┌──

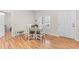 Bright dining area featuring a round wooden table and chairs, complemented by laminate floors and a window at 4082 Old Franklinton Rd, Franklinton, NC 27525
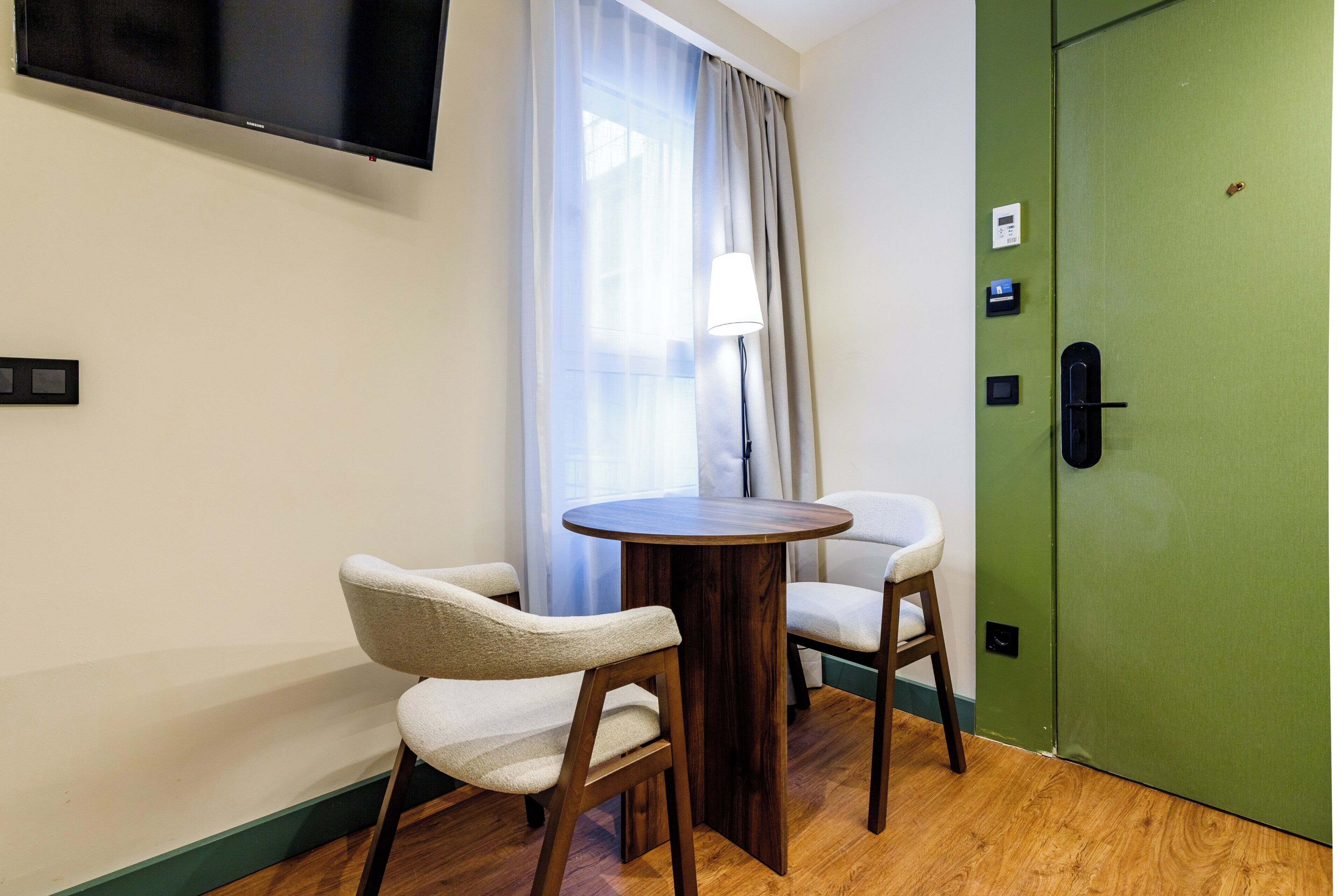 Una habitación con una mesa de madera, dos sillas, un televisor montado en la pared, una puerta verde y una ventana con cortinas.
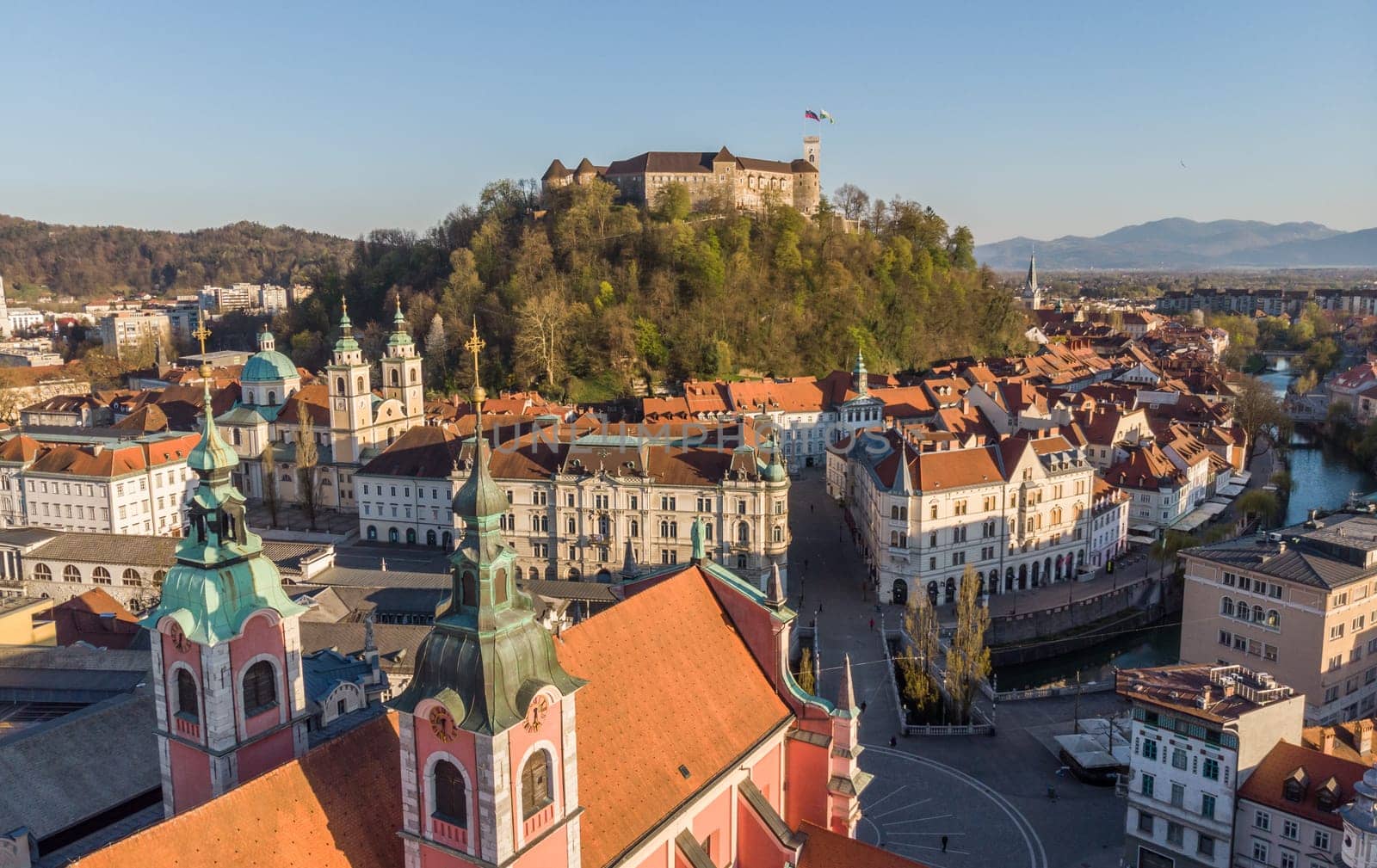 Aerial drone panoramic view of Ljubljana, capital of Slovenia in warm afternoon sun.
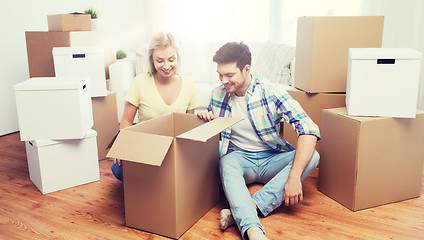 Image showing smiling couple with big boxes moving to new home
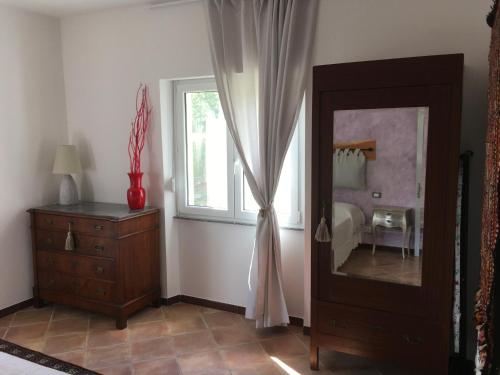 Pokój z lustrem, komodą i oknem w obiekcie A casa di Andre’ w mieście Vara Superiore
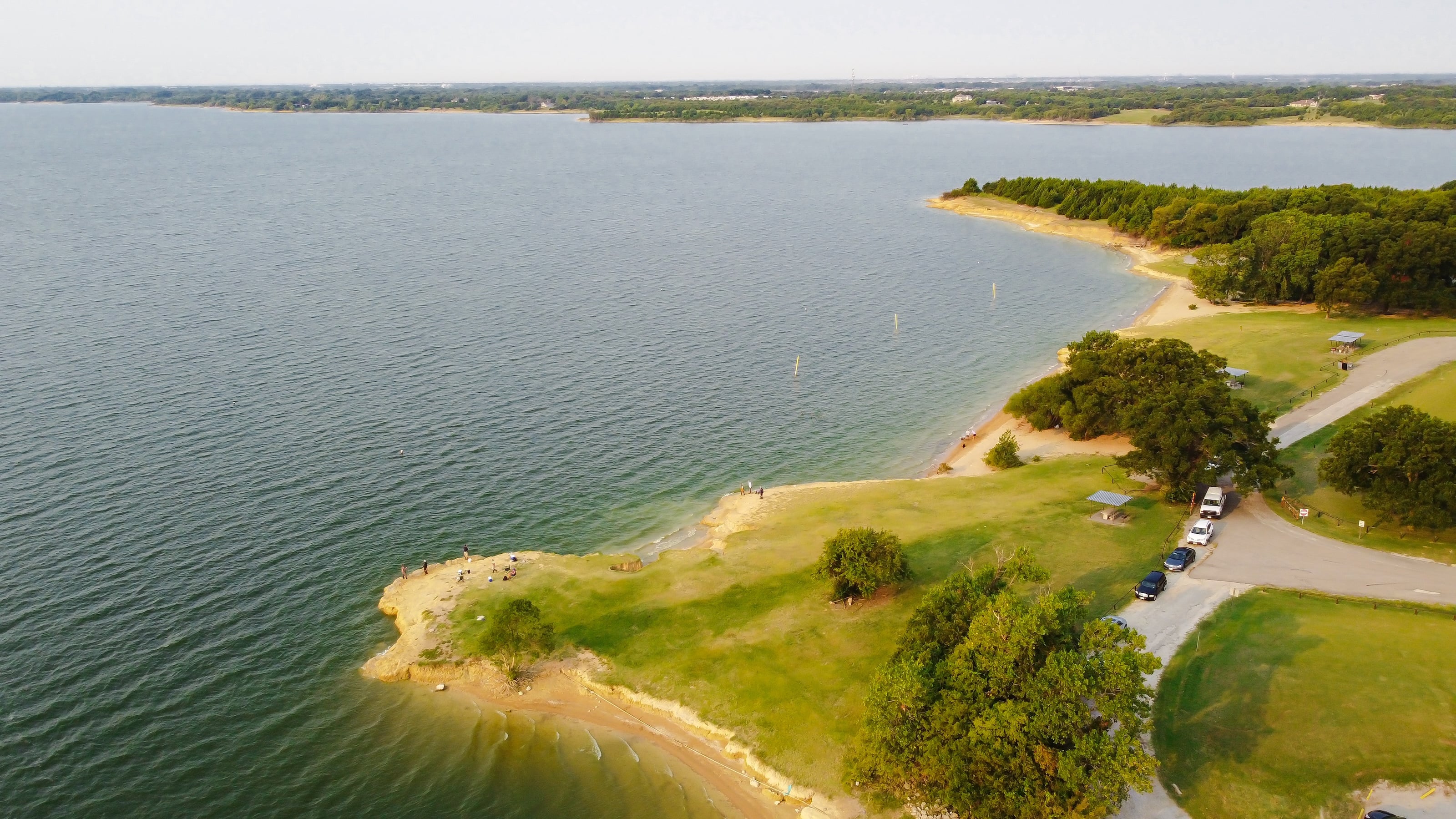 Aerial view of a sandy beach and shoreline park on Lake Lavon near Wylie, Texas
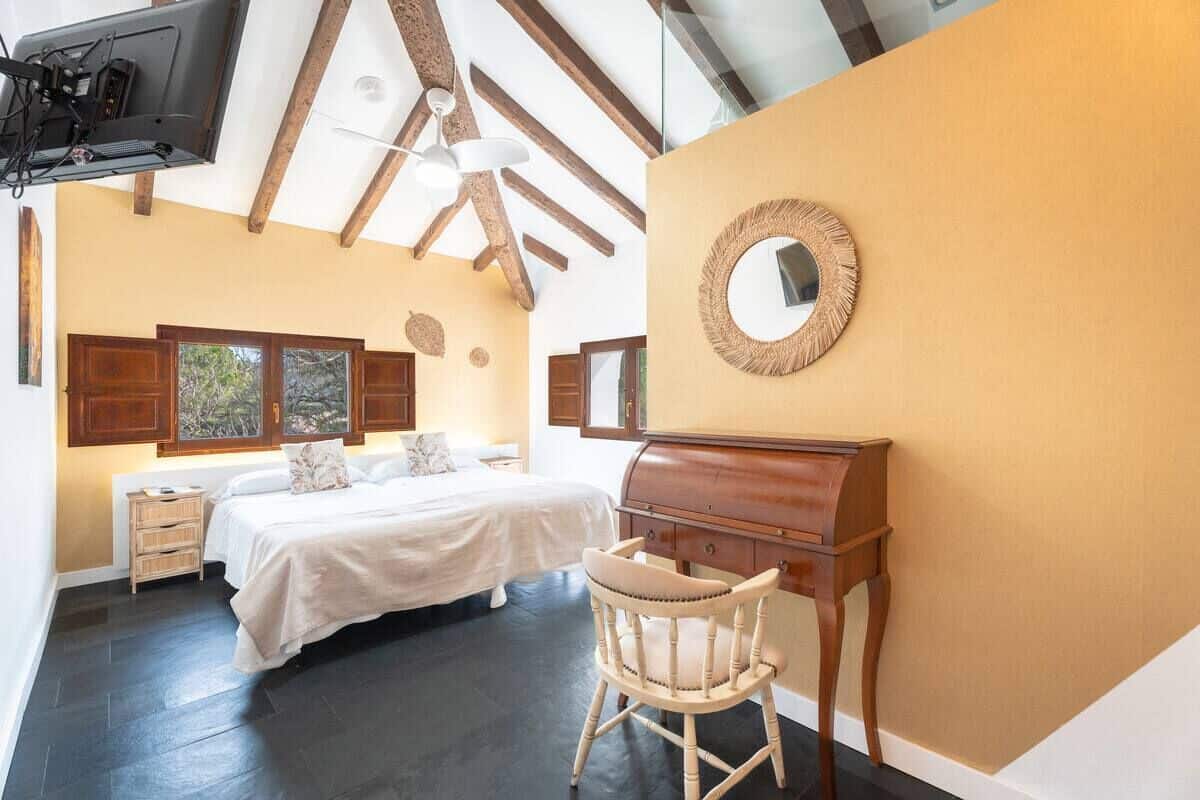 A bedroom with a bed, a wooden dresser, a chair, a mirror, and a television mounted on the ceiling.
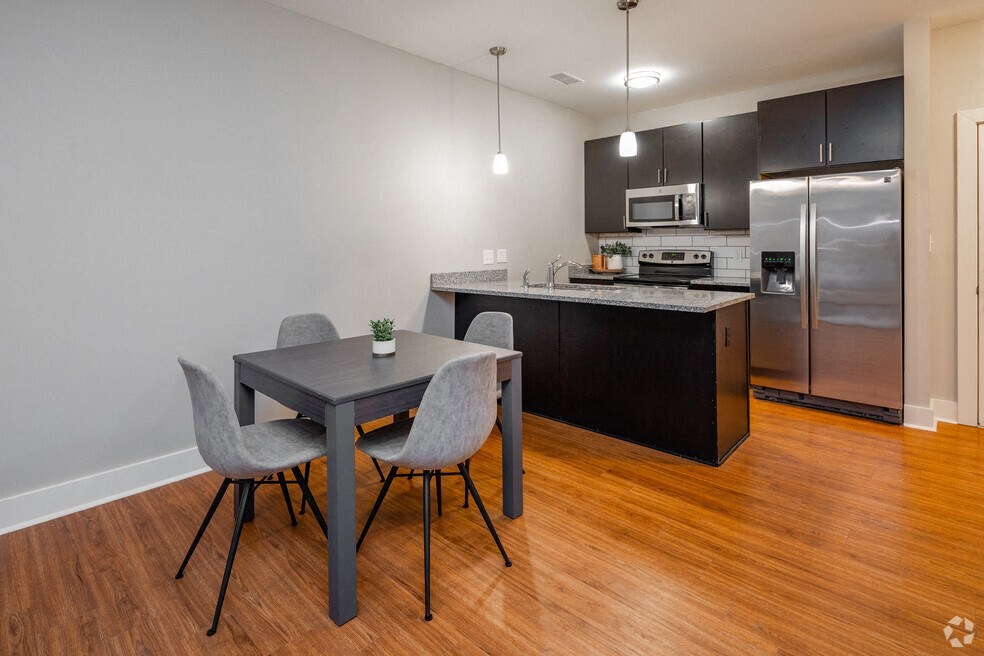 a kitchen and dining room with stainless steel appliances and a table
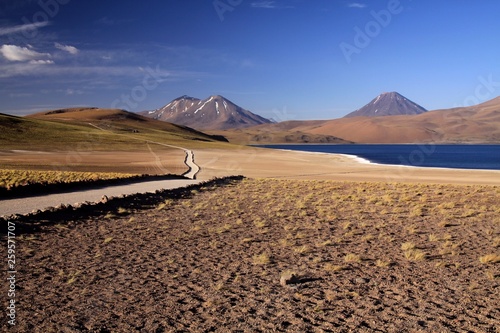 View on track along deep blue lake at Altiplanic Laguna (Lagoon) Miscanti in Atacama desert with partly snow capped cones of volcano Meniques in the background - Chile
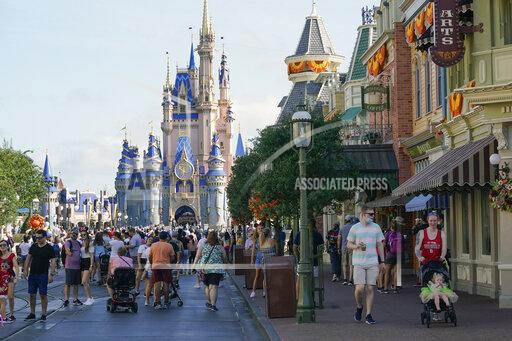 FILE - Guests stroll along Main Street at the Magic Kingdom theme park at Walt Disney World, Monday, Aug. 30, 2021, in Lake Buena Vista, Fla. Cooped-up tourists eager for a taste of Florida's sandy beaches, swaying palm trees and warmer climates are visiting the Sunshine State in droves, topping pre-pandemic levels in recent months. (AP Photo/John Raoux, File)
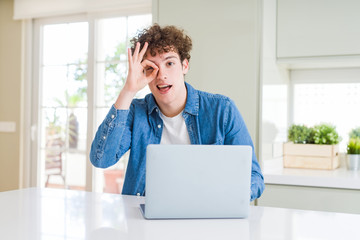 Young man using computer laptop with happy face smiling doing ok sign with hand on eye looking through fingers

└──

With the pictures excluded, the line containing "a kitchen and" and every line after it through the end of the data above are to be transcribed exactly, and nothing more.

 a kitchen and dining room with stainless steel appliances and a table
 View on track along deep blue lake at Altiplanic Laguna (Lagoon) Miscanti in Atacama desert with partly snow capped cones of volcano Meniques in the background - Chile
 FILE - Guests stroll along Main Street at the Magic Kingdom theme park at Walt Disney World, Monday, Aug. 30, 2021, in Lake Buena Vista, Fla. Cooped-up tourists eager for a taste of Florida's sandy beaches, swaying palm trees and warmer climates are visiting the Sunshine State in droves, topping pre-pandemic levels in recent months. (AP Photo/John Raoux, File)
 Young man using computer laptop with happy face smiling doing ok sign with hand on eye looking through fingers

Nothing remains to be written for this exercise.